DIREITO DE FAMÍLIA. AÇÃO DE DESTITUIÇÃO DE PODER FAMILIAR. GENITOR QUE PERPETROU ABUSO SEXUAL CONTRA A PRÓPRIA FILHA. EXISTÊNCIA DE ANTECEDENTES EM CRIME DA MESMA NATUREZA E, AINDA, DE AÇÃO PENAL EM VIRTUDE DO COMETIMENTO DE ATENTADO VIOLENTO AO PUDOR. CONIVÊNCIA DA MÃE COM A SITUAÇÃO. NEGLIGÊNCIA DE AMBOS OS GENITORES COM A SAÚDE E A EDUCAÇÃO DAS INFANTES. ARCABOUÇO PROBATÓRIO QUE DEMONSTRA, CABALMENTE, A PRÁTICA DE ATOS CONTRÁRIOS À MORAL E AOS BONS COSTUMES. DESTITUIÇÃO DO PODER FAMILIAR QUE, NA ESPÉCIE, MOSTRA-SE DEVERAS IMPERIOSA. INTELIGÊNCIA DOS ARTS. 1.630, 1.635, INC. V, E 1.638, TODOS DO CÓDIGO CIVIL DE 2002, DOS ARTS. 1º E 4º, AMBOS DO ESTATUTO DA CRIANÇA E DO ART. 227, CAPUT E §§ 4º E 5º, DA CONSTITUIÇÃO FEDERAL. RECURSO DESPROVIDO.

Havendo provas cabais da prática reiterada de crimes sexuais pelo pai contra diversas meninas, inclusive em face de sua filha mais velha, bem ainda da conivência da mãe para com tais atos, a qual priorizou seu relacionamento em detrimento das infantes, e, não bastasse tudo isso, da negligência de ambos para com a saúde e a educação delas, a destituição do poder familiar é medida que atende, à evidência, o princípio da proteção integral à criança (AC nº 2009.010840-6, de Rio do Sul, rel.: Des. Eládio Torret Rocha, j. 15/07/2009).

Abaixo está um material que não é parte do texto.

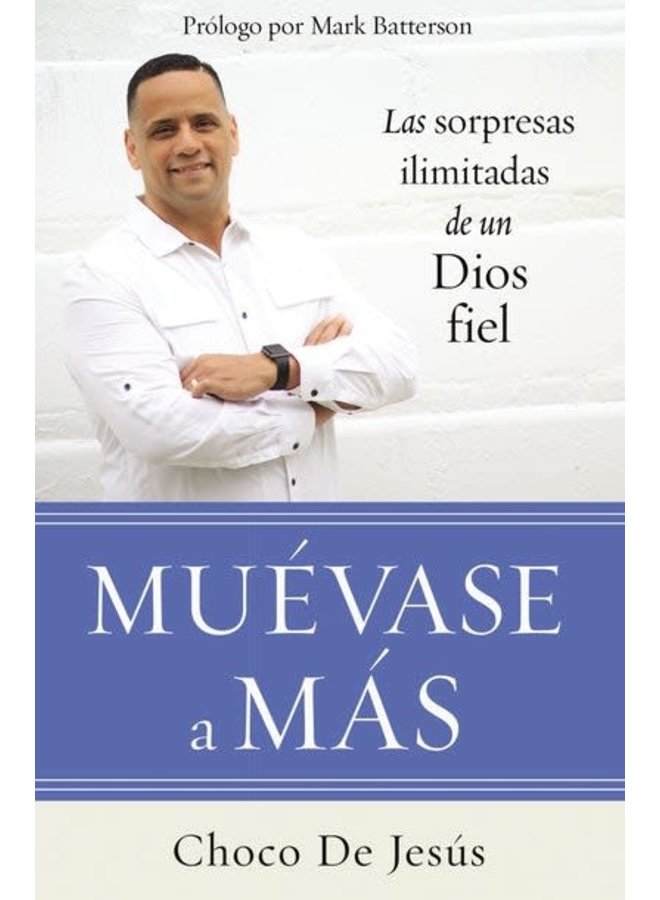MUEVASE A MAS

Assim sendo, atento às circunstâncias do caso, e considerando o direito aplicável à espécie - especialmente o que estabelecem os arts. 227, caput, e 229 da Constituição Federal, arts. 3º, 4º, 5º, 22 e 24 do ECA-Estatuto da Criança e do Adolescente, e arts. 1.634, 1.635, inc. V, 1.637 e 1.638, estes últimos do Código Civil -, a manutenção do decisum combatido é medida que se impõe.

Dessarte, pronuncio-me no sentido de se conhecer e negar provimento ao recurso, mantendo a extinção do poder familiar de M. dos S. M. em relação à sua filha K. C. M., indo a remuneração do patrono do apelante (fl. 58) fixada em 7,5 (sete vírgula cinco) URH's, nos termos do disposto no Anexo Único da Lei Complementar Estadual nº 155/97.

É como voto.

Corrija-se a autuação, com a adequada mudança da designação de gênero da apelada A. da S. C. M. no SAJ-Sistema de Automação do Judiciário.